Entre 1998 e 1999, tendo já publicado em livro o meu primeiro exercício sobre a história de Vitória do Mearim, marquei com ele uma entrevista para colher subsídios necessários ao livro seguinte, que seria publicado em setembro de 1999. Encontrei-o visivelmente abatido em sua residência, apartamento do prédio de esquina do Caminho da Boiada com a Rua do Passeio, no centro de São Luís. Então, ele, apesar do nítido ar de cansaço, fez mais do que eu pedia: deu-me as informações pretendidas, mas também me ofertou o seu precioso álbum fotográfico de pessoas, eventos políticos e vistas da cidade de Vitória nos anos 1970, para que eu fizesse cópia.

Extasiado, corri para o Foto Center, na Praça João Lisboa, onde então eu obtinha bons resultados do gênero, como permitia o avanço tecnológico àquela época.
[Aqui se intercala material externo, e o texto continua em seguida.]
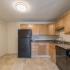 Kitchen with black appliances  in apartment at Pheasant Run  | Nashua NH Apartments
Devolvido o álbum, passei a guardar as cópias fotográficas muito bem guardadas. Algumas já vieram a lume nas páginas do jornal Folha da AVL, mas a maioria fará parte do meu trabalho definitivo sobre a história da nossa terra.

***

Cristovam Dutra Martins faleceu em São Luís no dia 21 de março de 1999, com a saúde bastante debilitada.

Ele é patrono de cadeiras da Academia Arariense-Vitoriense de Letras (AVL), fundada em janeiro de 2000, e da Academia Vitoriense (AV), fundada em agosto de 2019.

Neste cinquentenário da posse de um dos melhores prefeitos municipais que Vitória do Mearim já teve, este é o tributo que, reconhecido e agradecido, presto à sua memória.

Que ele descanse em paz! Que o seu exemplo de bom gestor – assim como os de outros bons prefeitos que tivemos – possa ainda um dia frutificar em prol do povo carente desta terra!


Rua Urbano Santos, Vitória do Mearim-MA, noite chuvosa de 31 de janeiro de 2020.